*** TASK MATERIAL Section Begins ***

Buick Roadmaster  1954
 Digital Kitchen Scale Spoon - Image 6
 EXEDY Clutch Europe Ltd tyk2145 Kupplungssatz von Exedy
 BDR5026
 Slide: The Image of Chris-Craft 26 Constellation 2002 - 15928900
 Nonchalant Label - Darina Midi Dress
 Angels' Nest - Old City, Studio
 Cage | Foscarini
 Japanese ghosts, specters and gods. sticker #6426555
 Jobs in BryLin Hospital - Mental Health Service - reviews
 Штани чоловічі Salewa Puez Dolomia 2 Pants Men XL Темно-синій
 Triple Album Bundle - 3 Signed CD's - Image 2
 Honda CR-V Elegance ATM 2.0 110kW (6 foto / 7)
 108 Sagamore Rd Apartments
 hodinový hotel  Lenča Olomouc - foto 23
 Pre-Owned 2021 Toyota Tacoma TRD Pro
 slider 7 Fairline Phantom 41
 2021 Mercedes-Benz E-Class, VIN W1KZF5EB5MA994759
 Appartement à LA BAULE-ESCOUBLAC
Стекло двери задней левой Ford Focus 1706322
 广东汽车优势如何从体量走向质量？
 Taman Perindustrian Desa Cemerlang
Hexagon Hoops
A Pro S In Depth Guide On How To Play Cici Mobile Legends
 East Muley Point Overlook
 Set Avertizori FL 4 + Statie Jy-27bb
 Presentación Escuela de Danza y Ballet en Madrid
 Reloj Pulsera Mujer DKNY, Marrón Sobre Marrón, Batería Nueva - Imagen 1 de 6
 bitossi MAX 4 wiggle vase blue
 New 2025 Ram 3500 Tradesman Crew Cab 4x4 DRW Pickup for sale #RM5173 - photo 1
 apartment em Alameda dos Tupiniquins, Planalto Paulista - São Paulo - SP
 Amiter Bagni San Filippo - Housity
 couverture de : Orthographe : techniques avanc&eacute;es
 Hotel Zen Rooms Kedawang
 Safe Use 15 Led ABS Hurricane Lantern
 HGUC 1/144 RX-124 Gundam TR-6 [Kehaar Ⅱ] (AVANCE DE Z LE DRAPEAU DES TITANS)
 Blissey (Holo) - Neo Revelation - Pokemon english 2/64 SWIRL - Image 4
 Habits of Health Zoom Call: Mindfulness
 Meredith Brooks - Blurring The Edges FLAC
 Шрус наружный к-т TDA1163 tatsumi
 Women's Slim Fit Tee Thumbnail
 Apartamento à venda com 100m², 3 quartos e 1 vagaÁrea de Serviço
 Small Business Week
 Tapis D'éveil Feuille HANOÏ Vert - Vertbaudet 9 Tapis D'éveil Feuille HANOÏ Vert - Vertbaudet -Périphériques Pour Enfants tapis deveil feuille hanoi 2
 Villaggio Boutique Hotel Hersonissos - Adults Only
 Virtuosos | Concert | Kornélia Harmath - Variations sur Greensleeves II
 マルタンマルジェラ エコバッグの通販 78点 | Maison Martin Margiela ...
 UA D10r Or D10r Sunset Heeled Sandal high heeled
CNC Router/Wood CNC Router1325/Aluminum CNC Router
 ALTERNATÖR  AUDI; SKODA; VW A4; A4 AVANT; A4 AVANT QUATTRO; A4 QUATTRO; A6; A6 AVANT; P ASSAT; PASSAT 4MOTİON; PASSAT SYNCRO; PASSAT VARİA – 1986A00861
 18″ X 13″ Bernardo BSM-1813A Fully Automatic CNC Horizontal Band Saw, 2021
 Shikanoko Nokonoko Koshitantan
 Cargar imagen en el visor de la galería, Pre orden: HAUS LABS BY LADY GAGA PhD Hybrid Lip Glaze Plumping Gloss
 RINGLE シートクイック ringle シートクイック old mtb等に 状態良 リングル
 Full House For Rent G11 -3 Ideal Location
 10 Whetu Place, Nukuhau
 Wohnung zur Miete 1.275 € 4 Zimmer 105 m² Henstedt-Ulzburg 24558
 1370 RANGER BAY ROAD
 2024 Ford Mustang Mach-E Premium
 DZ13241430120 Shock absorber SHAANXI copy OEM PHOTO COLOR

*** TASK MATERIAL Section Ends ***

## YOUR OBJECTIVE
The exact lines of the material above starting at the one that contains "Taman Perindustrian Desa Cemerlang" and ending at the one that contains "VARİA – 1986A00861" are what to retype; leave out everything else.

## ANSWER SECTION
 Taman Perindustrian Desa Cemerlang
Hexagon Hoops
A Pro S In Depth Guide On How To Play Cici Mobile Legends
 East Muley Point Overlook
 Set Avertizori FL 4 + Statie Jy-27bb
 Presentación Escuela de Danza y Ballet en Madrid
 Reloj Pulsera Mujer DKNY, Marrón Sobre Marrón, Batería Nueva - Imagen 1 de 6
 bitossi MAX 4 wiggle vase blue
 New 2025 Ram 3500 Tradesman Crew Cab 4x4 DRW Pickup for sale #RM5173 - photo 1
 apartment em Alameda dos Tupiniquins, Planalto Paulista - São Paulo - SP
 Amiter Bagni San Filippo - Housity
 couverture de : Orthographe : techniques avanc&eacute;es
 Hotel Zen Rooms Kedawang
 Safe Use 15 Led ABS Hurricane Lantern
 HGUC 1/144 RX-124 Gundam TR-6 [Kehaar Ⅱ] (AVANCE DE Z LE DRAPEAU DES TITANS)
 Blissey (Holo) - Neo Revelation - Pokemon english 2/64 SWIRL - Image 4
 Habits of Health Zoom Call: Mindfulness
 Meredith Brooks - Blurring The Edges FLAC
 Шрус наружный к-т TDA1163 tatsumi
 Women's Slim Fit Tee Thumbnail
 Apartamento à venda com 100m², 3 quartos e 1 vagaÁrea de Serviço
 Small Business Week
 Tapis D'éveil Feuille HANOÏ Vert - Vertbaudet 9 Tapis D'éveil Feuille HANOÏ Vert - Vertbaudet -Périphériques Pour Enfants tapis deveil feuille hanoi 2
 Villaggio Boutique Hotel Hersonissos - Adults Only
 Virtuosos | Concert | Kornélia Harmath - Variations sur Greensleeves II
 マルタンマルジェラ エコバッグの通販 78点 | Maison Martin Margiela ...
 UA D10r Or D10r Sunset Heeled Sandal high heeled
CNC Router/Wood CNC Router1325/Aluminum CNC Router
 ALTERNATÖR  AUDI; SKODA; VW A4; A4 AVANT; A4 AVANT QUATTRO; A4 QUATTRO; A6; A6 AVANT; P ASSAT; PASSAT 4MOTİON; PASSAT SYNCRO; PASSAT VARİA – 1986A00861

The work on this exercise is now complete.